Documentation key to settling farming businesses disputes - Irwin Mitchell Private Wealth

11/09/2018 News Team

In a farming dispute tackled in court, Judge Eyre QC ruled in High Court that a £1.65 million farm and bungalow are to be included in the deceased’s estate and not part of a farming business.

The deceased, Ben Wild, died in 2003 and the farming partnership continued between the two brothers, Malcolm and Gregory Wild, until 2016 when relations broke down. 

Claimant Gregory Wild believed that the farm and bungalow were part of the farming partnership, and therefore subject to the partnership’s winding-down proceedings. However, defendants Malcolm Wild, his wife Abigail and his mother Jean argued the farm and bungalow had passed to Jean as specified in their father’s will.

Malcolm and Abigail had also invested significantly in the bungalow’s renovation, which during the case was valued at £285,000. Another point of contention was how much of the renovation’s budget had come from the farming partnership, which Gregory argued was a majority.

The partnership’s accounts and mentions of the farm and bungalow were incomplete as records had been lost or never recorded, which led to the dispute.

Will dispute specialists at Irwin Mitchell Private Wealth have highlighted the importance of keeping up to date documentation for farming businesses, particularly if a family member expects to inherit it.

Heather Roberts, an associate in the UK law firm's will, trust and estate disputes team, said: “It was a good outcome for the defendants as the judge ruled the farm and bungalow were indeed belonging to their mother and that they had a proprietary estoppel claim against the bungalow, which has been their home for decades.
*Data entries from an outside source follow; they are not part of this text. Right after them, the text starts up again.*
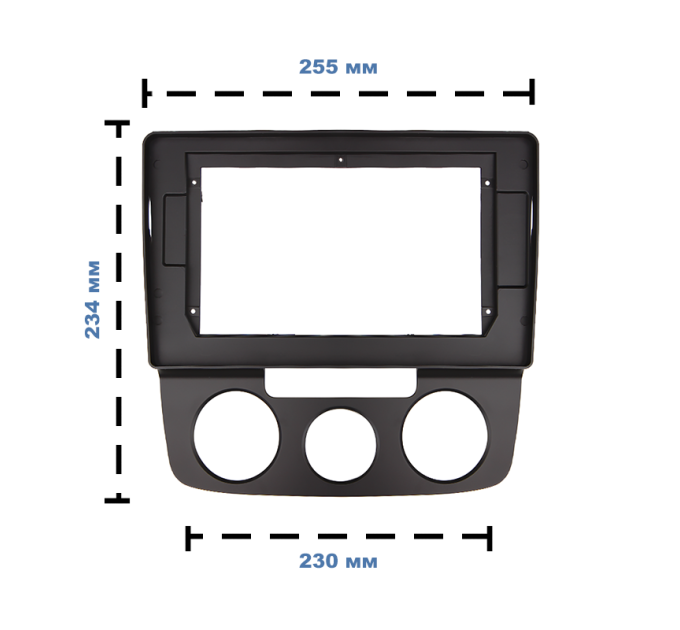 Перехідна рамка Element Volkswagen Jetta 2005-2010 Manual AC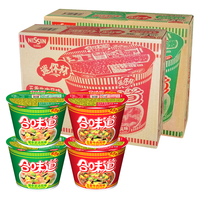 日清 合味道 方便面 猪骨味+五香牛肉味 24杯 桶装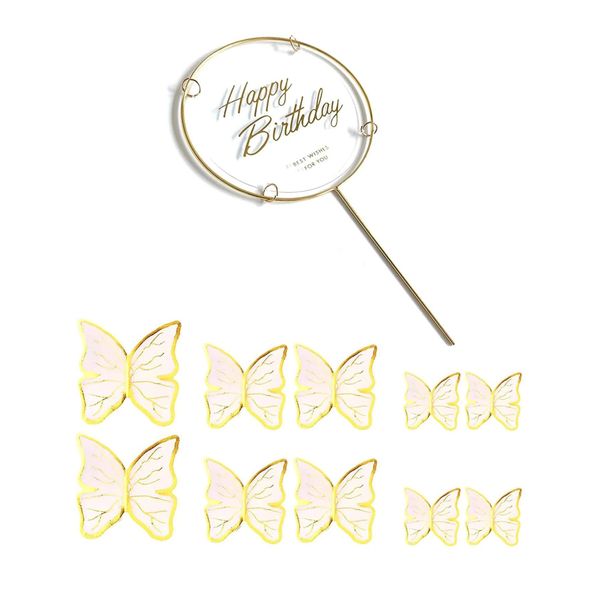 11-Piece Butterfly Birthday Cake Topper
However, the dispute could have been avoided had the family made sure that all assets were clearly accounted for either in a will or a formal partnership agreement decades earlier.

“The Wild brothers’ relationship had deteriorated significantly over the years, even coming to blows in the past as mentioned in the judgment. It is likely the stress and cost – both emotional and monetary - of the will dispute that has taken years to resolve soured relations even further.

“Other families that have a family business and have an understanding that it may pass to them upon the death of their parents should look into drawing up a formal agreement to avoid this situation – the more complex a structure, the lengthier and more costly the dispute could be.”